Etwa im Falle der Liberalisierung der Frauenrechte: Zwar dürfen saudische Frauen seit diesem Sommer Autofahren, gleichzeitig aber geht das Königshaus immer entschiedener gegen Frauenrechtlerinnen und feministische Aktivisten vor.
Wegen skrupelloser Kampagnen wie dieser kommt auch nicht bei allen gut an, dass David Guetta ein Lobeslied auf den König anstimmen lässt.
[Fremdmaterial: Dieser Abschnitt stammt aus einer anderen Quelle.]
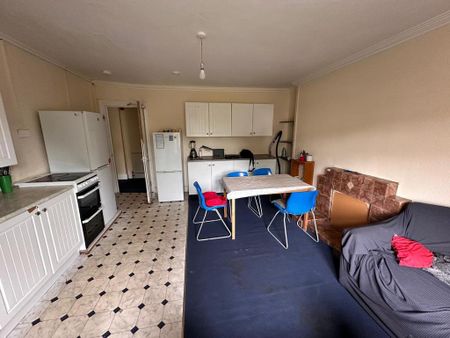 4 bedroom flat to rent - Photo 3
► Bei Twitter schreibt ein Nutzer: „Stell dir vor, du genießt ein Konzert und auf einmal spielt der DJ ein Lied über den saudischen König. So eine Enttäuschung.”
► „Ich wollte nur Liebe und Respekt für eure Kultur zeigen“, ruft David Guetta der Menge zu.
Wer in die Gesichter der Menschen hier blickt, der erkennt schnell: Für sie geht es in diesen Stunden ohnehin nicht um Politik.